Logical Operators slower?
I was expecting that LazyArrays would outperform a generator when we use logical operators, but I see it's not. Is this expected? I include a MWE, as the page says that if we find slower code, it'd be helpful to indicate it.
This is faster
using Random, BenchmarkTools; Random.seed!(1234)
x = rand(100)
function foo(x)
condition1(a) = a > 0.25
condition2(a) = a < 0.75
all_conditions = Iterators.map(a -> condition1(a) && condition2(a) , x)
sum(all_conditions)
end
@btime foo($x)
relative to
using Random, BenchmarkTools; Random.seed!(1234)
x = rand(100)
function foo(x)
condition1(a) = a > 0.25
condition2(a) = a < 0.75
all_conditions(a) = condition1(a) && condition2(a)
sum(@~ all_conditions.(x))
end
@btime foo($x)
You should include the outputs so we can see what the difference in timings are.
Why do you expect it to "outperform"?
Let me state the problem more generally. I'm writing a note about the benefits of using LazyArrays, but I can't identify when it's better than base generators.

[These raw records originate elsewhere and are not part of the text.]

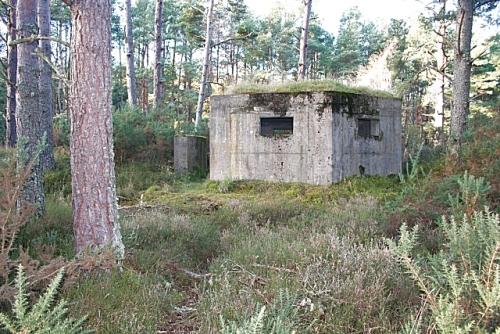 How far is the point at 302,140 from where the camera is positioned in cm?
1034

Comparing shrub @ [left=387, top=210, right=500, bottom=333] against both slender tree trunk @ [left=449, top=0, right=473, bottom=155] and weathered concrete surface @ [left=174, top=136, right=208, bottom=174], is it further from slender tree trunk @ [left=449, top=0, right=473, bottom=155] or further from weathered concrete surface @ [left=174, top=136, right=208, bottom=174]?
weathered concrete surface @ [left=174, top=136, right=208, bottom=174]

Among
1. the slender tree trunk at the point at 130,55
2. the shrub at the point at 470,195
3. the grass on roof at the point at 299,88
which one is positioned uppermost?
the slender tree trunk at the point at 130,55

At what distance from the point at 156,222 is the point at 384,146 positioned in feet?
22.3

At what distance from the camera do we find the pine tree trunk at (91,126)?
14.7 ft

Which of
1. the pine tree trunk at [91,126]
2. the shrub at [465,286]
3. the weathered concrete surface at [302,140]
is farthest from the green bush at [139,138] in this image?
the shrub at [465,286]

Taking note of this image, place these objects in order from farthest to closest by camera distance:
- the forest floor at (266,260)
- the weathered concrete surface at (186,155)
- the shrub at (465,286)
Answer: the weathered concrete surface at (186,155) → the forest floor at (266,260) → the shrub at (465,286)

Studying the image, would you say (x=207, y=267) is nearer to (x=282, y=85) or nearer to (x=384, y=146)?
(x=282, y=85)

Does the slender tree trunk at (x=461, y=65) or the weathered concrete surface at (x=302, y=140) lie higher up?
the slender tree trunk at (x=461, y=65)

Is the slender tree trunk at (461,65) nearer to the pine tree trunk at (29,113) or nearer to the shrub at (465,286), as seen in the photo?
the shrub at (465,286)

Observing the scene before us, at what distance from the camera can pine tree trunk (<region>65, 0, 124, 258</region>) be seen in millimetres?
4480

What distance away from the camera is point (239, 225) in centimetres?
706

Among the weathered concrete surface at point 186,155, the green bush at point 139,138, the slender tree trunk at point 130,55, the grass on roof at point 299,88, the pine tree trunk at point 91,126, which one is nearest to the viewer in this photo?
the pine tree trunk at point 91,126

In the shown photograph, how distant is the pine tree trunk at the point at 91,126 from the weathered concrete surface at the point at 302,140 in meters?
6.23

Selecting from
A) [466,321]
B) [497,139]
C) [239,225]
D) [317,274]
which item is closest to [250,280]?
[317,274] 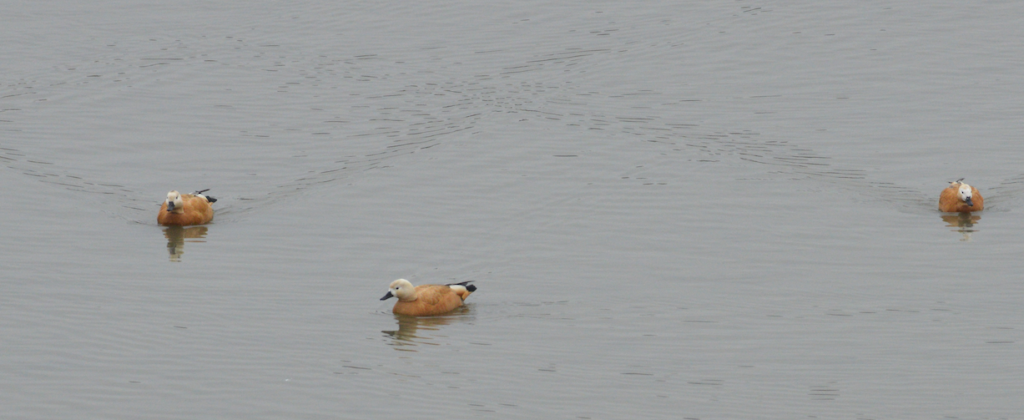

I consistently find that LazyArrays performs the use of base generators (directly used or through Iterators.maps). But I was surprised that for some specific cases this does not happen. For instance, the first comparison is what I always get, which means that LazyArrays is way faster.
#Iterators.map
using Random; Random.seed!(123) #setting the seed for reproducibility #hide
x = rand(1_000_000) ; y = rand(1_000_000)
function foo(x,y)
lx(a) = 4 * a^3 + 3 * a^2 + 2 * a + 1
ly(b) = 2 * b^3 + 3 * b^2 + 4 * b + 1
temp(a,b) = lx(a) / ly(b)
sum(Iterators.map(temp, x,y))
end
@btime foo(ref($x),ref($y))
#LazyArrays
using Random; Random.seed!(123) #setting the seed for reproducibility #hide
x = rand(100_000) ; y = rand(100_000)
function foo(x,y)
lx(a) = 4 * a^3 + 3 * a^2 + 2 * a + 1
ly(b) = 2 * b^3 + 3 * b^2 + 4 * b + 1
temp(a,b) = lx(a) / ly(b)
sum(@~ temp.(x,y))
end
@btime foo(ref($x),ref($y))
############### RESULTS ##############
# x comprising 100 elements
# Iterators.maps: 123.214 ns (0 allocations: 0 bytes)
# @~ : 44.995 ns (0 allocations: 0 bytes)
# x comprising 100_000 elements
# Iterators.maps: 122.000 μs (0 allocations: 0 bytes)
# @~ : 39.200 μs (0 allocations: 0 bytes)
# x comprising 1_000_000 elements
# Iterators.maps: 1.232 ms (0 allocations: 0 bytes)
# @~ : 39.200 μs (0 allocations: 0 bytes)
Another case is for weighted means, where foo3 even outperforms the implementation in StatsBase
temp(x,share) = x * share
foo1(x,y) = sum(temp.(x,y))
foo2(x,y) = sum(temp(a,b) for (a,b) in zip(x,y))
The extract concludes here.